(Exercise instructions): Repeat the entire listing exactly. Omit all pictures.

(Dataset excerpt):
════════════════

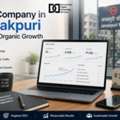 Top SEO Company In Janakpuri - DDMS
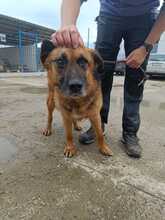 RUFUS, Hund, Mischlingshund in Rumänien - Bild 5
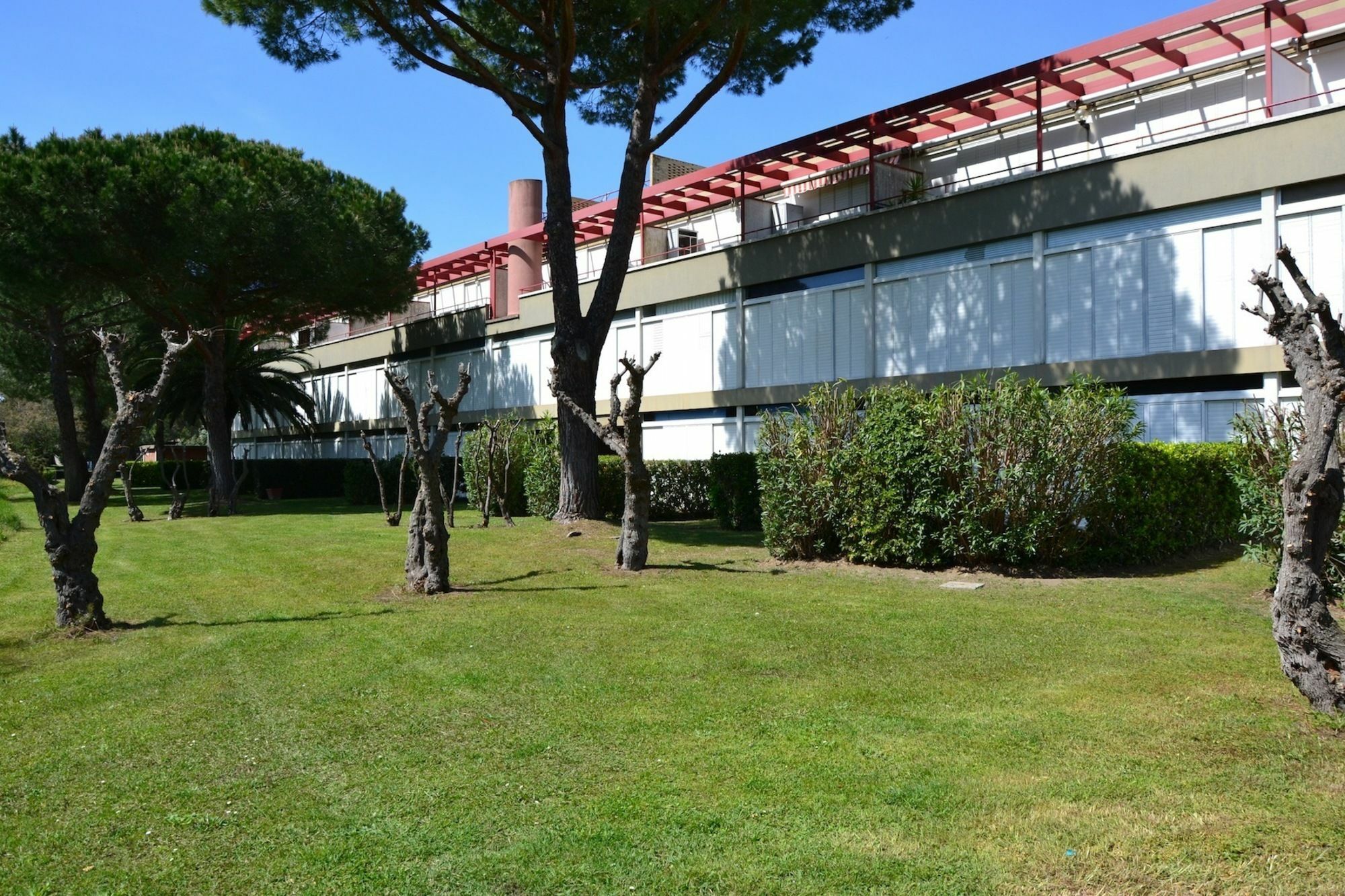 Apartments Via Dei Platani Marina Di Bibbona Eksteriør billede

════════════════

(Result of this task):
 Top SEO Company In Janakpuri - DDMS
 RUFUS, Hund, Mischlingshund in Rumänien - Bild 5
 Apartments Via Dei Platani Marina Di Bibbona Eksteriør billede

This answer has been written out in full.